Процесс школьного феноменологического изучения религии, по Джексону, включает три стадии: репрезентации, интерпретации и рефлексии. Нам представляется такая схема весьма удобной для анализа феноменологических методик и классификации отдельных методических приемов. Рассмотрим вкратце каждую из стадий.

Проблемы репрезентации религиозных явлений в образовательном процессе во многом перекрываются с проблемами формирования содержания религиозного образования, рассмотренными выше. Однако в этой проблематике есть и операциональная сторона, связанная с применением определенных приемов отбора и представления учебного материала. В этом отношении вызывает значительный интерес идея двух критериев отбора, представленная в методике религиозного образования для младших школьников «Дар ребенку», разработанной под руководством Джона Халла. Методика строится на изучении религиозных вещественных символов, или «нуменов» в терминологии Халла.

Выбранный для изучения символ должен удовлетворять двум критериям. Первый – феноменологический. Соответствие этому критерию определяется репрезентативностью предмета по отношению к традиции. Отобранный для изучения предмет «должен обладать аутентичным и относительно независимым существованием в жизни религиозной общины и должен сообщать нечто о красоте того, что священно в данной традиции»114. Иными словами, этот символ или предмет (достаточно малых размеров для того, чтобы его принести в класс) должен нести в себе частицу духовности, присущей той или иной религии, давать ребенку возможность соприкоснуться с ней. Второй критерий – эмпирический. Он позволяет оценивать качество предмета по отзывчивости на него ребенка.

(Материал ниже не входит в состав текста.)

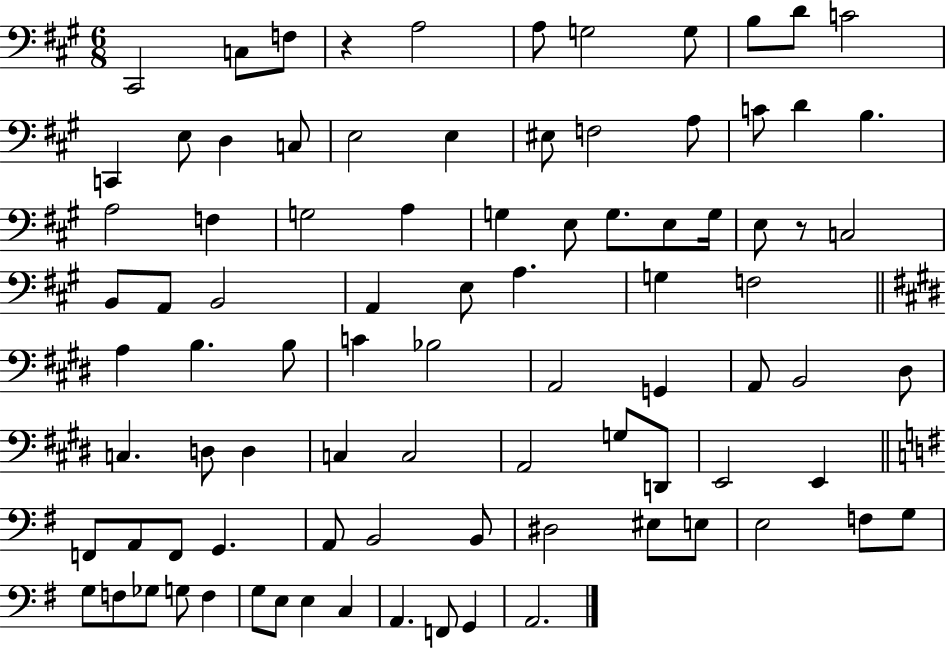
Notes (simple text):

C#2/h C3/e F3/e R/q A3/h A3/e G3/h G3/e B3/e D4/e C4/h C2/q E3/e D3/q C3/e E3/h E3/q EIS3/e F3/h A3/e C4/e D4/q B3/q. A3/h F3/q G3/h A3/q G3/q E3/e G3/e. E3/e G3/s E3/e R/e C3/h B2/e A2/e B2/h A2/q E3/e A3/q. G3/q F3/h A3/q B3/q. B3/e C4/q Bb3/h A2/h G2/q A2/e B2/h D#3/e C3/q. D3/e D3/q C3/q C3/h A2/h G3/e D2/e E2/h E2/q F2/e A2/e F2/e G2/q. A2/e B2/h B2/e D#3/h EIS3/e E3/e E3/h F3/e G3/e G3/e F3/e Gb3/e G3/e F3/q G3/e E3/e E3/q C3/q A2/q. F2/e G2/q A2/h.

Процесс отбора учебных символов по двум критериям сравнивается Халлом со шнурованием ботинка, поскольку каждый из символов должен последовательно проходить сквозь два ряда «экспертной оценки» - со стороны педагогов и со стороны детей (ср. с идеей осцилляции Джексона). Это путь проб и ошибок, результат которого оказывается трудно предсказать. Так, к примеру, одним из предметов, полностью удовлетворявших феноменологическому критерию, был признан весьма популярный среди протестантов рисунок Холмана Ханта «Свет миру». На нем изображен Христос, стоящий с фонарем в руке перед закрытой дверью дома, за спиной его виден ночной сад. Рисунок теоретически открывал блестящую возможность завести беседу с детьми о евангельском образе «закрытой двери» человеческого сердца. Но он не выдержал первой же эмпирической проверки. Дети дружно заявили о том, что родители запрещают им открывать дверь незнакомцам, особенно ночью, и заготовленная беседа провалилась.

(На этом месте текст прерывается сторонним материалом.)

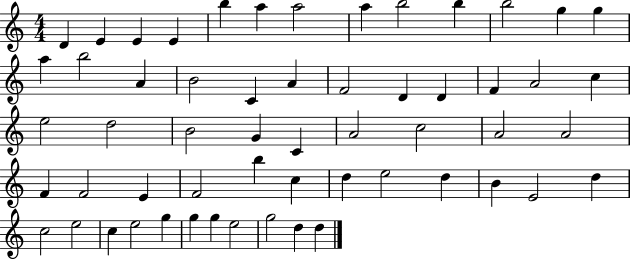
X:1
T:Untitled
M:4/4
L:1/4
K:C
D E E E b a a2 a b2 b b2 g g a b2 A B2 C A F2 D D F A2 c e2 d2 B2 G C A2 c2 A2 A2 F F2 E F2 b c d e2 d B E2 d c2 e2 c e2 g g g e2 g2 d d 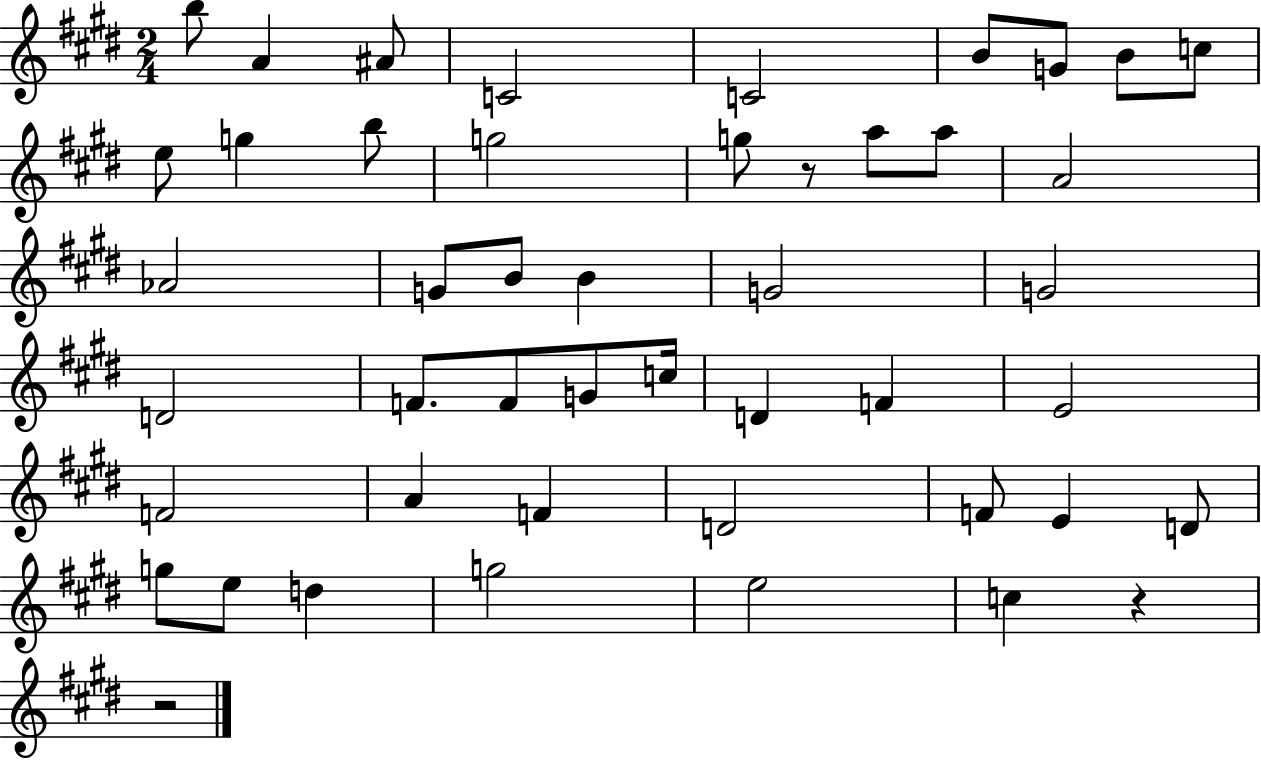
B5/e A4/q A#4/e C4/h C4/h B4/e G4/e B4/e C5/e E5/e G5/q B5/e G5/h G5/e R/e A5/e A5/e A4/h Ab4/h G4/e B4/e B4/q G4/h G4/h D4/h F4/e. F4/e G4/e C5/s D4/q F4/q E4/h F4/h A4/q F4/q D4/h F4/e E4/q D4/e G5/e E5/e D5/q G5/h E5/h C5/q R/q R/h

Говоря о методике «Дар ребенку», хотелось бы сразу отметить еще одну важную методическую находку, имеющую значение для феноменологического подхода в целом. Она связана с проблемой установления верной дистанции между учащимся и религией. Эта проблема приобретает весьма острый характер в тех случаях, когда детям разных вероисповеданий в ходе совместного религиозного образования предоставляется возможность непосредственного эмоционального и духовного контакта с изучаемой реальностью. «Дар ребенку» ориентируется на следующую этическую установку: «В религиозном образовании должны выполняться два требования… 1. Дети имеют право приблизиться к тайне и красоте религии. 2. Дети имеют право не подходить к ней слишком близко»115. С целью обеспечения этих требований вводится специальная техника, включающая два методических приема: ввода и дистанцирования. Техника ввода нацелена на создание специальной атмосферы, приглашающей ребенка к близкому и проникновенному знакомству с «нуменом». Это могут быть зажженные свечи, приглашение сесть в круг на ковер для прослушивания истории, удар молоточка, возвещающий начало представления и т.д. Техника дистанцирования должна обеспечивать обратный процесс отстранения учащегося от символа или предмета, не относящегося к его религиозной традиции. Обычно это достигается помещением предмета в исходный религиозный контекст, из которого он был изъят для показа. Например, если в качестве «нумена» на одном из уроков выступает индуистский слоноподобный божок Ганеша, прием ввода может заключаться в эффектном представлении покрытой вуалью статуэтки, создании особой атмосферы при чтении мифа о Ганеше, позволяющей детям сопереживать истории, проникнуться к ее герою симпатией и интересом. Техника дистанцирования в этом случае может заключаться в том, что на следующем уроке дети обнаружат уже знакомого им Ганешу сидящим под балдахином с дарами, разложенными вокруг него, и окажется, что право подойти к этому особому Ганеше имеют только те дети, которые принадлежат ему.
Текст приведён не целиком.